July 1 (Bloomberg) -- Schmolz & Bickenbach AG declined after Russian billionaire Viktor Vekselberg’s Renova Group said it will make a public takeover offer for the Swiss maker of high-grade steel products at 2.85 francs per share.
The stock fell 2.1 percent to 2.84 francs by 12:17 p.m. in Zurich. That gave Emmenbruecke, Switzerland-based Schmolz a market value of about 336 million francs ($355 million).
On June 28, Renova said it had become Schmolz’s biggest shareholder after buying 24 million shares from the founding family’s company Schmolz & Bickenbach GmbH & Co. KG for 2.40 francs per share. Renova, which now owns a 20.46 percent of Schmolz, said it’ll act as a shareholder group with the family, holding a combined 40.46 percent stake, and triggering a mandatory offer to other shareholders at 2.85 francs per share. Renova is happy with the shares it holds now, spokesman Rolf Schatzmann told Neue Zuercher Zeitung am Sonntag.
“Renova has apparently no intention of taking Schmolz & Bickenbach private nor achieving a majority stake,” Patrick Rafaisz, an analyst at Bank Vontobel in Zurich, said in a note to customers. “The potential minimum takeover price by Renova will not be a trigger to the share price.”
Schmolz’s board of directors said today that it was surprised the founding family sold its shares “at a much lower price to Renova than the price offered by potential anchor shareholder Artemis,” owned by Swiss industrialist Michael Pieper. It also said it would fight a ruling by the Commercial Register to block a 330 million-franc share sale decided by the June 28 annual general meeting.
Renova said it will ask for an extraordinary shareholder meeting to change the composition of the board.

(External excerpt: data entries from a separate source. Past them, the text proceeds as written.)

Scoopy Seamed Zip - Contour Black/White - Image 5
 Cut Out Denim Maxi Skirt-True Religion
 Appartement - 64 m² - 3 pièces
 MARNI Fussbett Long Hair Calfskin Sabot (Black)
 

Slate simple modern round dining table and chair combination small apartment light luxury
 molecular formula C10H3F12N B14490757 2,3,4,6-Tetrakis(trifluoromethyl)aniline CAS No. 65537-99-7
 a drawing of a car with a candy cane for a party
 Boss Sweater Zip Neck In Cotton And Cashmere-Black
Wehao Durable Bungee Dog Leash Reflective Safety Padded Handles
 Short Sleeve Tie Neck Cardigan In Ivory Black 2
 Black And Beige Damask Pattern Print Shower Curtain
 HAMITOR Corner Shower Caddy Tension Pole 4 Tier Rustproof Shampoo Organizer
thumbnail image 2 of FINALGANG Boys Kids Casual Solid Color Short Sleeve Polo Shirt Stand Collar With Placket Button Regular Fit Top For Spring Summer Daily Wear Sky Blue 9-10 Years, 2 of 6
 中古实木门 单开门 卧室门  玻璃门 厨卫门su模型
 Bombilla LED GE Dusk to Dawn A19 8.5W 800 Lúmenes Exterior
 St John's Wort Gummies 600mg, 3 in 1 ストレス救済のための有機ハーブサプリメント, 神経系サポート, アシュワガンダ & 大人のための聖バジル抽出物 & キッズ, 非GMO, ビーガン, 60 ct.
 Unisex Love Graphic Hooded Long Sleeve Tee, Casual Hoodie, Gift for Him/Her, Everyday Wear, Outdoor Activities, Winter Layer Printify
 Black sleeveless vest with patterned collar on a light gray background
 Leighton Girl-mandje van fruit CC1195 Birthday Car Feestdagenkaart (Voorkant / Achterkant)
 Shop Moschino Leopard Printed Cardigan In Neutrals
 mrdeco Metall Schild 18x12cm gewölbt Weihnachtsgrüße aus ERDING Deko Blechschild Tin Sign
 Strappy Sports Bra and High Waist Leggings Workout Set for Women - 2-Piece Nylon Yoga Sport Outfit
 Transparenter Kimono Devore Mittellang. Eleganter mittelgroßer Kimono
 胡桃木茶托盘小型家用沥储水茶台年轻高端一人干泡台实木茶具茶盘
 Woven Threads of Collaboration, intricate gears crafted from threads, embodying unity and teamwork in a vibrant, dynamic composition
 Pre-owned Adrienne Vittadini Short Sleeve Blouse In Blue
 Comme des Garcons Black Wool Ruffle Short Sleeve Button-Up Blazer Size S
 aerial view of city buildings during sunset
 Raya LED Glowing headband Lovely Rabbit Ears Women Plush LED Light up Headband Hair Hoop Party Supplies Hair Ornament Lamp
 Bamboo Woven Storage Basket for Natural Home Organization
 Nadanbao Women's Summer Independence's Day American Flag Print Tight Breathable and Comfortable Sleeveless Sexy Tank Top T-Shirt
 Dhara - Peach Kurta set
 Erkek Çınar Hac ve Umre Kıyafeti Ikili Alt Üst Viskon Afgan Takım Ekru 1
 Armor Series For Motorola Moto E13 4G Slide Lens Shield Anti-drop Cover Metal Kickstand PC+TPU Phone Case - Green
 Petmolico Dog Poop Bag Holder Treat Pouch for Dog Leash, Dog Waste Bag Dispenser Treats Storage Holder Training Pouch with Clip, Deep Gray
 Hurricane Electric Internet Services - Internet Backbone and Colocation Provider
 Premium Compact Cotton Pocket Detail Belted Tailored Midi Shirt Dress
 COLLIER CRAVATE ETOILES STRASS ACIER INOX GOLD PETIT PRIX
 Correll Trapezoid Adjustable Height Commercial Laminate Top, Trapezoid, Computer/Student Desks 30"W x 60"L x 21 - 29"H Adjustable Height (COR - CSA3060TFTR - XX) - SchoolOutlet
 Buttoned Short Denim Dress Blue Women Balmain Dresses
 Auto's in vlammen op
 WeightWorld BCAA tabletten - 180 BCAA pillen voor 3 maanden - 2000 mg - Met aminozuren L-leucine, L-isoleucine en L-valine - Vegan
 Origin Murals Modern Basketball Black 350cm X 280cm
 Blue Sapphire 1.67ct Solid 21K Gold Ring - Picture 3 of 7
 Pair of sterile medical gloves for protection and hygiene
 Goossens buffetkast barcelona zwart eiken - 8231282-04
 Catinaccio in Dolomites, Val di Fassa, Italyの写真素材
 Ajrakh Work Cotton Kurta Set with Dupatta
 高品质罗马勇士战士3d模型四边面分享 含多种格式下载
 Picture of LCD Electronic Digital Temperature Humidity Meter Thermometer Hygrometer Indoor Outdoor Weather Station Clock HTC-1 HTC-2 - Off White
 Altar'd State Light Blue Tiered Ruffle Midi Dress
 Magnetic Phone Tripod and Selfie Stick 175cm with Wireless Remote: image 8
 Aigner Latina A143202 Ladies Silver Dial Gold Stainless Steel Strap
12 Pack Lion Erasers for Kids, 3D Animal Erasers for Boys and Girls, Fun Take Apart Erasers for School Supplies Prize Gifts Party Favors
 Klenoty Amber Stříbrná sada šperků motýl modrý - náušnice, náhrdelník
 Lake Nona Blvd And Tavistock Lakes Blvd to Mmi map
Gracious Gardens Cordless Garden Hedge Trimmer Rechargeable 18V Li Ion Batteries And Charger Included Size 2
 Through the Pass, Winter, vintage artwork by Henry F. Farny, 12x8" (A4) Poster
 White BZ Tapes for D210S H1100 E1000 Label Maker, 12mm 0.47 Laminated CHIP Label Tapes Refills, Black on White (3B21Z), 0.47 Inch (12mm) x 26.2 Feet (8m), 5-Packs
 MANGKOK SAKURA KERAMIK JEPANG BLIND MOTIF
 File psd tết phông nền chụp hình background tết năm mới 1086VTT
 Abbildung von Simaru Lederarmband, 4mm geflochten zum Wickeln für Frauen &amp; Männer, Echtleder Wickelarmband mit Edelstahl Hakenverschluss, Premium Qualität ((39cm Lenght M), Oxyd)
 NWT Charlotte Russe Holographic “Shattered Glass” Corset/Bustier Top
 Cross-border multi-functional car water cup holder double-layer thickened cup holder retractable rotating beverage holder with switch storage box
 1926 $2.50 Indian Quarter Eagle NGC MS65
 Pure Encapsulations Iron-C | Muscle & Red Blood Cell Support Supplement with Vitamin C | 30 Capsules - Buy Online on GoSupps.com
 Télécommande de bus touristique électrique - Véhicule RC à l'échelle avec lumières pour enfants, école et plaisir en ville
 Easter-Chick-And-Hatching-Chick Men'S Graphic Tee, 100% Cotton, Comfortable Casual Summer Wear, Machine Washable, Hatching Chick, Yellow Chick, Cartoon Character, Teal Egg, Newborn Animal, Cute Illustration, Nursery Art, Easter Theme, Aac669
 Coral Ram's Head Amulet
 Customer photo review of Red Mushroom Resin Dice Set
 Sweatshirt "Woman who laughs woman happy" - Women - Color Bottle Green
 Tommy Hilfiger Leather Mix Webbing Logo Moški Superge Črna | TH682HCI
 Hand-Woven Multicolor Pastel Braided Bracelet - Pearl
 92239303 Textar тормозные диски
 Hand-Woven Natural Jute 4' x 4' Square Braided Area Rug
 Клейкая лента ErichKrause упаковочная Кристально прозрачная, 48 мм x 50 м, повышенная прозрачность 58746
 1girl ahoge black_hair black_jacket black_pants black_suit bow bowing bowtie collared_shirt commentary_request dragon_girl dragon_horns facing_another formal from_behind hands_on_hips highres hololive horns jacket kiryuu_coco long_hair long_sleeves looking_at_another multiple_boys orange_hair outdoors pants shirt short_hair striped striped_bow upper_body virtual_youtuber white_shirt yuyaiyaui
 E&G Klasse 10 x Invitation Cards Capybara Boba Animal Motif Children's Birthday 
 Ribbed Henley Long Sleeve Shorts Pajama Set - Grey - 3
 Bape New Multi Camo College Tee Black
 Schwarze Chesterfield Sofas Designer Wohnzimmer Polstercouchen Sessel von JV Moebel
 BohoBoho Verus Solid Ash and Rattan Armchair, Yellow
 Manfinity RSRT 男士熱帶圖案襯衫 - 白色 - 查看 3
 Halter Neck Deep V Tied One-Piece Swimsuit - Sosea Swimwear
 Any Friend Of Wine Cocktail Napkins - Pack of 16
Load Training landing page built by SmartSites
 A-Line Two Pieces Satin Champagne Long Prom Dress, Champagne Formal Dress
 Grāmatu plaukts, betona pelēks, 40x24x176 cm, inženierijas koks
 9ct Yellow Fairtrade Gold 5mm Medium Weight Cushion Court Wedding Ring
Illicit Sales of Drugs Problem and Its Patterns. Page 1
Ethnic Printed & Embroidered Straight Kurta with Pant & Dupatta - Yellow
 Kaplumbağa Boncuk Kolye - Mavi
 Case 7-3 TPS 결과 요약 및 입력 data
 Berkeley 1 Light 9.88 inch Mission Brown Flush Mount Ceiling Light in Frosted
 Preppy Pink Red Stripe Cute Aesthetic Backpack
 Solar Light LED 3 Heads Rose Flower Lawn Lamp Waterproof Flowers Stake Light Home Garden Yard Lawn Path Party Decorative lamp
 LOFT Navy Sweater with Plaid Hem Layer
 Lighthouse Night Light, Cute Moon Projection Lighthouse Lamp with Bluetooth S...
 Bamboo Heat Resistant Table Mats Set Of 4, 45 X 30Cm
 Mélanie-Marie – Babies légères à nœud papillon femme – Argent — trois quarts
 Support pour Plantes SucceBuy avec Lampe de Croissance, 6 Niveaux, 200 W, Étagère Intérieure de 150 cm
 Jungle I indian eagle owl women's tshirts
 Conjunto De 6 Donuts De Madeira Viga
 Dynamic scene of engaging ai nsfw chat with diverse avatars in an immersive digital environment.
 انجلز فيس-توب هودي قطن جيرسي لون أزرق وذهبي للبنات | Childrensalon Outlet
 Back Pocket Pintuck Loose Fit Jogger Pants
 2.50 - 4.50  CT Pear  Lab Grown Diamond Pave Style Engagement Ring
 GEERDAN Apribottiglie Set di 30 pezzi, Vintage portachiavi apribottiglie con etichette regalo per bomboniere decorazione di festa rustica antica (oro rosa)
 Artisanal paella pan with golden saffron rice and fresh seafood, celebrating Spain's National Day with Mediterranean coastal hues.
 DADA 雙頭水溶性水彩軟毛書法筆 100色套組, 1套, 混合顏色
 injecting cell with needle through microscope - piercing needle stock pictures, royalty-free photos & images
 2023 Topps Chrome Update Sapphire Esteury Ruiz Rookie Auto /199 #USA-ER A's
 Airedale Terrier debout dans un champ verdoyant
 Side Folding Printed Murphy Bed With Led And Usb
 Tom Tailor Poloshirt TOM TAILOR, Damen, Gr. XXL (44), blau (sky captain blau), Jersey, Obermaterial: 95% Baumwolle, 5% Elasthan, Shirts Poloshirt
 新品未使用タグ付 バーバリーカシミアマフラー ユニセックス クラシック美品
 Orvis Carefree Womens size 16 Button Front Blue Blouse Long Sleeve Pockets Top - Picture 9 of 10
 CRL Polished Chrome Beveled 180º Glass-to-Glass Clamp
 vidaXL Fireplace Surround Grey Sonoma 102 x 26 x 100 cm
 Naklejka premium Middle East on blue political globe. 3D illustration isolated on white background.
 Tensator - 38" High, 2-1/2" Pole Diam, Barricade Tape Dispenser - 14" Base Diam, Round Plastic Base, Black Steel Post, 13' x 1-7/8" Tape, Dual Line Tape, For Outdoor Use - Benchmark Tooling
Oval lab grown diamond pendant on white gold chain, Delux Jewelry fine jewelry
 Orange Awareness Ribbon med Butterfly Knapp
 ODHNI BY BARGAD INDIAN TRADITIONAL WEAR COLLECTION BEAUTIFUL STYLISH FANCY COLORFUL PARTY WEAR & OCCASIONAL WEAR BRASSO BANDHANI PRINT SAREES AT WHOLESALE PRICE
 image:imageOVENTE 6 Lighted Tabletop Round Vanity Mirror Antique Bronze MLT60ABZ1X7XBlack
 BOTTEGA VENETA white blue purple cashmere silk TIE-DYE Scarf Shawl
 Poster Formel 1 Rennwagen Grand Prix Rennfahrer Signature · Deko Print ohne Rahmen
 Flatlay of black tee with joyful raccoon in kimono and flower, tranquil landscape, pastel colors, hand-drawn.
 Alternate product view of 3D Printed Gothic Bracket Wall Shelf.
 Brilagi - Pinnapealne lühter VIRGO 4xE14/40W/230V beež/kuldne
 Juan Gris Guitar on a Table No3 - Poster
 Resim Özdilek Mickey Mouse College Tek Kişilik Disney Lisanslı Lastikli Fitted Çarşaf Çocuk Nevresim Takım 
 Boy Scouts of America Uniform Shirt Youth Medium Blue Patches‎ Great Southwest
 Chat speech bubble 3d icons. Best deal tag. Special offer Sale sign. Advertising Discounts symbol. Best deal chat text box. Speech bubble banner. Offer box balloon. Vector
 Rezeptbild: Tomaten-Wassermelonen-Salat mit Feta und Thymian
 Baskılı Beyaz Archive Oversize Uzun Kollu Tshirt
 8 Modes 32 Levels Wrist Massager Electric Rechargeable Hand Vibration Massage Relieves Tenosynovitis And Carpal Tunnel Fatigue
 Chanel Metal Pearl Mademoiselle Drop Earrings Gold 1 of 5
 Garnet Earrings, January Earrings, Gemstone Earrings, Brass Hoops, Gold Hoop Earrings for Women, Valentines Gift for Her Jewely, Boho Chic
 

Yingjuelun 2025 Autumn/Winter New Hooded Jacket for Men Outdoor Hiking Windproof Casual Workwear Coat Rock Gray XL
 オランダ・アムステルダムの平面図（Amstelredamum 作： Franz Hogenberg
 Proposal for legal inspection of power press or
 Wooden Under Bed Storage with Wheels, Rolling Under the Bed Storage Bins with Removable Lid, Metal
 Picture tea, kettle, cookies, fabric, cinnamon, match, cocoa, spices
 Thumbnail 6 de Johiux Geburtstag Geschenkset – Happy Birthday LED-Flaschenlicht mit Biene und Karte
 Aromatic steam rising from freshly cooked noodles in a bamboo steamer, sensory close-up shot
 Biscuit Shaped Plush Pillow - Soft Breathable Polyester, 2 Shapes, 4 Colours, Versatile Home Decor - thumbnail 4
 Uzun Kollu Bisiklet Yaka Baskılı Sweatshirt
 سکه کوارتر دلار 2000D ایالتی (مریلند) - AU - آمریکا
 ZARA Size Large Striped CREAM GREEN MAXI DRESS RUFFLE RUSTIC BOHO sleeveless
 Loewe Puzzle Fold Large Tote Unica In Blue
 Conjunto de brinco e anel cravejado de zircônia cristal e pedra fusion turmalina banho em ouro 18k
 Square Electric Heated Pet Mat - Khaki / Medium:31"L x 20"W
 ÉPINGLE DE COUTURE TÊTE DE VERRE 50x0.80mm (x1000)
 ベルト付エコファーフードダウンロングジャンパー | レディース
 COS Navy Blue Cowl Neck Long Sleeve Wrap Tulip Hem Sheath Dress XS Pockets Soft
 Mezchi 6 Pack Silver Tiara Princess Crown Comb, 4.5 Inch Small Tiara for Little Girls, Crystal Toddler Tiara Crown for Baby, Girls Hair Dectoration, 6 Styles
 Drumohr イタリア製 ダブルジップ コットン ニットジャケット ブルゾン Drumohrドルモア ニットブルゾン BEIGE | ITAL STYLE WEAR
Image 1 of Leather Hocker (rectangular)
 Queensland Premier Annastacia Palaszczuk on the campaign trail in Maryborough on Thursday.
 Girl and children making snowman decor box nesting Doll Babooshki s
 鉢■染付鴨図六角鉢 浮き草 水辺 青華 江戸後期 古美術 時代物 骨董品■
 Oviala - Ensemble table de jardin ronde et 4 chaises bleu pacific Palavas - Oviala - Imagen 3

Chairman Hans-Peter Zehnder told Schweiz am Sonntag in a story published yesterday that he won’t continue on a board dominated by Renova.
Vekselberg’s company and the founding family will “most likely” go ahead with their plan for a 350 million-franc capital increase at the next shareholder meeting, said Vontobel’s Rafaisz. “We still believe that the board’s proposals are sufficient to recapitalize the company, but the final outcome is still highly uncertain given the recent development.”
Rafaisz, who has a hold rating on the stock, recommends “investors to remain on the sidelines until the dispute has been resolved,” according to the note.